Sobre esse compromisso, sobre a Transição Energética e todas outras acções a serem levadas a cabo pelos países, visando conter a subida das temperaturas globais, lembremo-nos que, no Acordo de Paris, pediu-se maior apoio financeiro dos países desenvolvidos para auxiliar os esforços de acção climática dos países em desenvolvimento e economicamente periféricos. Este resgate de memória vem a-propósito para lembrar o facto de ter ficado claro que os países, principalmente ocidentais, que escalaram o crescimento e desenvolvimento económico por via da degeneração da qualidade ecológica devem ressarcir os que durante anos mantiveram a mais exemplar postura ambiental como é o caso de Moçambique.
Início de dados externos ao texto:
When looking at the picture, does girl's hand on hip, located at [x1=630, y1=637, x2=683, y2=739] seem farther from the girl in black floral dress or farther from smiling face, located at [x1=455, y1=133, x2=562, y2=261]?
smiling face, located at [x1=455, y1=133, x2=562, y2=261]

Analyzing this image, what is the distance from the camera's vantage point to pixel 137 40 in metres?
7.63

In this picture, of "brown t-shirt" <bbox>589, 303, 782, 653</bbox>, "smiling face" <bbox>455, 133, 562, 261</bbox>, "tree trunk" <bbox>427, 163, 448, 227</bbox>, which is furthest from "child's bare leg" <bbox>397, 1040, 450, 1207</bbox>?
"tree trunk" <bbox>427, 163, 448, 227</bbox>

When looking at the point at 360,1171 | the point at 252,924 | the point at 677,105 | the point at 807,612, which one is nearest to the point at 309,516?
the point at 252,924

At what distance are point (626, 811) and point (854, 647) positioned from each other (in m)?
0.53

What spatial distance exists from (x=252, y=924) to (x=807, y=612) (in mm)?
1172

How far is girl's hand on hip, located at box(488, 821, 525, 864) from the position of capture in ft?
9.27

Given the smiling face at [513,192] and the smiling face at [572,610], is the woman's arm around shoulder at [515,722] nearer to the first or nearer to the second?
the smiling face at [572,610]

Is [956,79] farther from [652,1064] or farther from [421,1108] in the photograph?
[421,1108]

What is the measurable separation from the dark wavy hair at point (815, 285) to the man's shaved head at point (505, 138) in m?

Se considerarmos que a implantação de um sistema industrial centrado em energias renováveis é extremamente caro, seria muito justo que o Banco Mundial, a União Europeia e o Reino Unido, que decidiram travar o financiamento aos projectos de exploração de combustíveis fosseis, abrissem excepção ao financiamento dos projectos de Gás, como manifestação da sua preocupação para com o crescimento e desenvolvimento económico de Moçambique – atendendo que nenhum dos país ricos alcançou o Índice de Desenvolvimento Humano por via do milagre, senão pela fustigação ecológica. Para além de o Gás ser cientificamente considerado hidrocarboneto menos nocivo que o Petróleo e Carvão, é presentemente o potencial factor de autofinanciamento à Transição Energética do país. Portanto, quando o ocidente furta-se das suas responsabilidades e compromissos, e opta por ignorar os aspectos aqui arrolados, parece-nos estar a assumir uma atitude de falta de “fair play” ecológico e a oferecer-nos um discurso ornamentado de aporias sobre a Transição Energética em Moçambique.